I have a friend in Ma. that is in a awful situation. Her neighbor was killed just recently (the wife had passed away a year or two ago) so now the two GSD's are without a family. There is an investigation going on as they believe the husband was murdered, so she has been going to the home to feed the dogs, but she raises dogs herself so can not take them. Can anyone here give me information of a local rescue group or someplace that can help with the dogs? If I lived closer I would take them myself, but I am in Wyoming. I have information about the dogs if that helps. They are beautiful dogs, she sent me pictures - one female and one male. Any information would be greatly appreciated.

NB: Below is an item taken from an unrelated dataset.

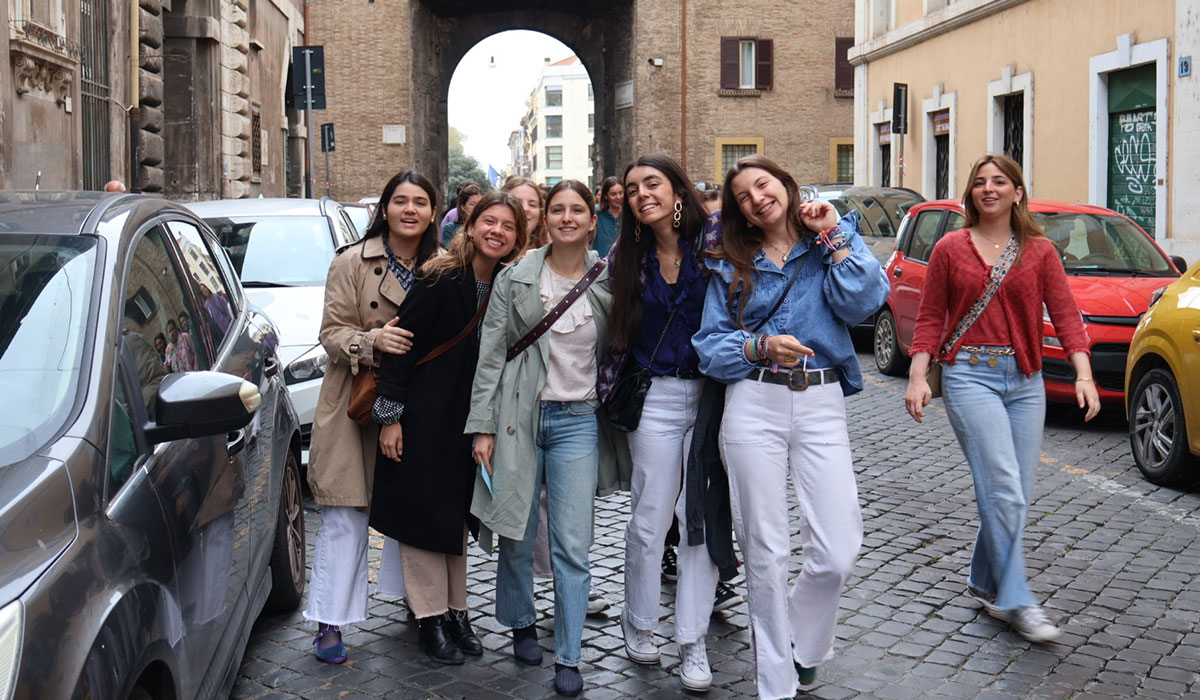 Carrusel-colegio-mayor-goroabe-alumni-college-14
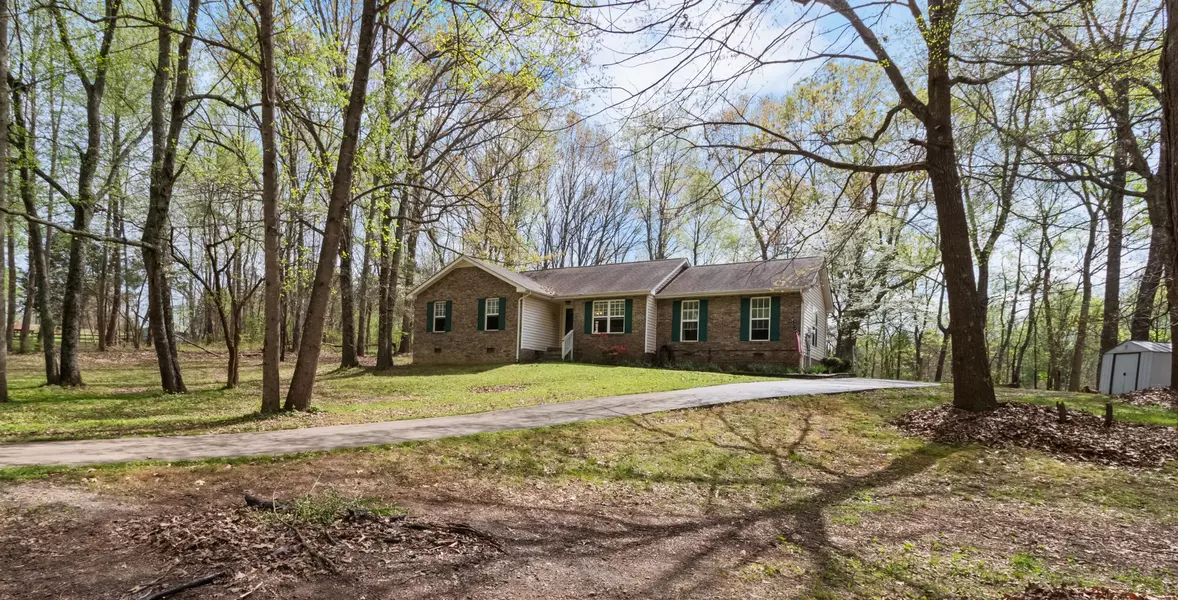 3420 Trough Springs Rd, Clarksville, TN 37043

The police who are investigating the crime have told her she will have a hard time finding anyone to take them. :frown2:


----------



## Thecowboysgirl

Please contact the German Shepherd Rescue of New England.


----------



## Muntazir

Do you have pictures? I might know someone who may be interested.


----------



## Jessdubsss

How old? Good with dogs? Etc. love more info! I’m in the market for another pup and would be open to a rehomed dog


----------



## Fodder

Jessdubsss said:


> How old? Good with dogs? Etc. love more info! I’m in the market for another pup and would be open to a rehomed dog


2yr old thread. OP appears no longer active as well.


----------